17 May 2004
BERLIN – Germany remains a potential target for Islamist extremists with over 30,000 radicals resident in the country, a report by Berlin’s domestic security agency warned Monday.
Although there were no fatal attacks by foreign extremists in Germany during both 2003 and 2002 the danger remains acute, said the annual survey by the Verfassungschutz – Germany’s homeland intelligence service.
“Germany is not only seen as a place to prepare attacks – German government installations could become targets,” said the report.
Berlin’s military role in Afghanistan as well as close ties to the US and Israel put the country in the firing line, the report said.
US, Israeli, British and Jewish facilities in Germany remained under a high level of danger, said the study.
Of the over 3 million Muslims resident in Germany some 31,000 are involved in Islamist groups, the report said. Germany’s total population is 82 million.
By far the biggest group is the 26,500-member Turkish Islamic Community Milli Goerues (IGMG).
IGMG poses a special threat because its schools – which preach de facto de-integration of Moslems from German society – reach thousands of non-members, said the report.
Other large Islamic radical groups are the Egytian/Syrian Moslem Brotherhood with 1,300 members; Lebanon’s Hezbollah with 800 members and the Palestinian Hamas movement with about 300 members.
German Chancellor Gerhard Schroeder strongly opposed the Iraq war and the report expressed concern that the worsening situation in Iraq could make the country a centre for Muslim radical efforts aimed at forcing US troops not only out of Baghdad but out of the entire Middle East.
At the same time, the report said that neo-Nazi violence and the number of right-wing extremists declined slightly in Germany last year but remains a cause for concern.
Some 41,500 people were members of right-wing extremist groups at the end of 2003, down from 45,000 a year earlier, said the report by the Verfassungsschutz, Germany’s domestic security agency.
There were 759 reported far-right violent crimes in 2003, down from 772 in the previous year.

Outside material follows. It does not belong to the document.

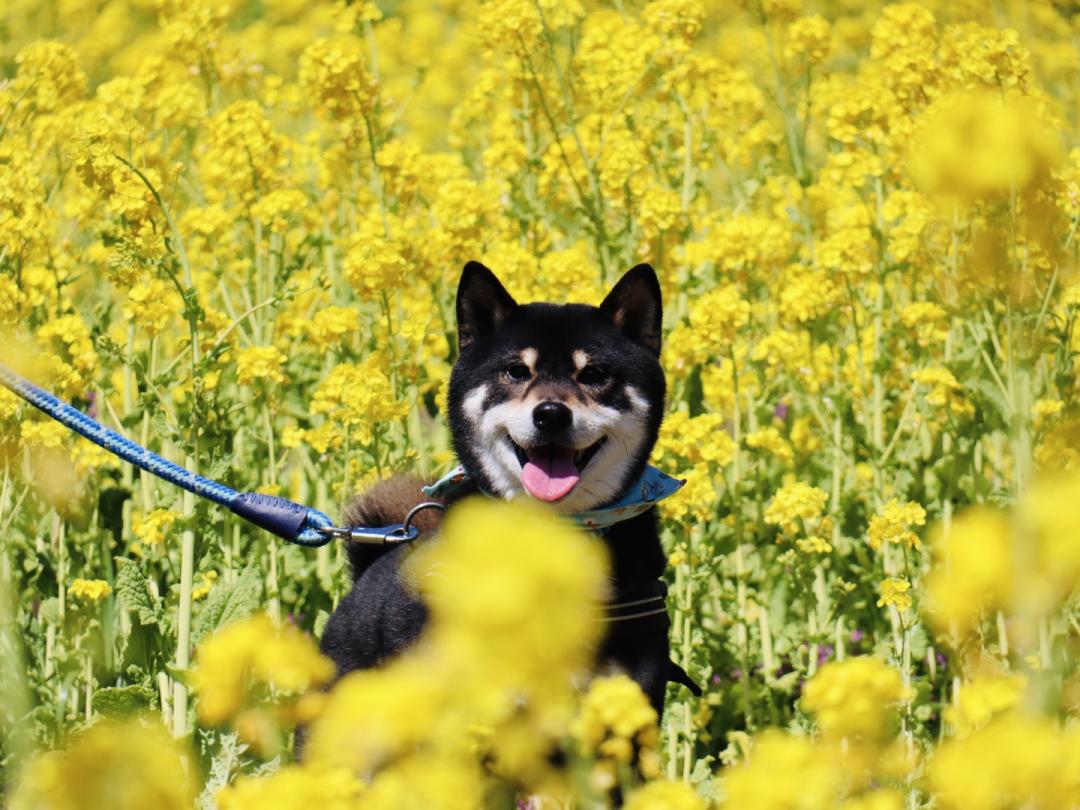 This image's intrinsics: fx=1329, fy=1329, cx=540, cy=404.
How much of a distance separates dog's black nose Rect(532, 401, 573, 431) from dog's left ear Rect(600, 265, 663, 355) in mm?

“Despite the decline the overall level of far-right acts of violence remains high,” said the report.
In one of last year’s most dramatic incidents, police arrested five neo-Nazis accused of planning a bomb attack on a ceremony to mark the construction of a new Jewish community centre in Munich.
The report underlined that despite the Munich bomb bid, right-wing extremists in Germany have so far shown little interest in turning to terrorist attacks.
By far the biggest number of far-right crimes last year were cases of causing grievous bodily harm (637), followed by arson (24).
On a per capita basis, the economically hard hit eastern state of Brandenburg had the highest level of neo-Nazi violence last year with 3.4 attacks per 100,000 inhabitants.
The lowest level was in the wealthy western city-state of Hamburg with 0.23 attacks.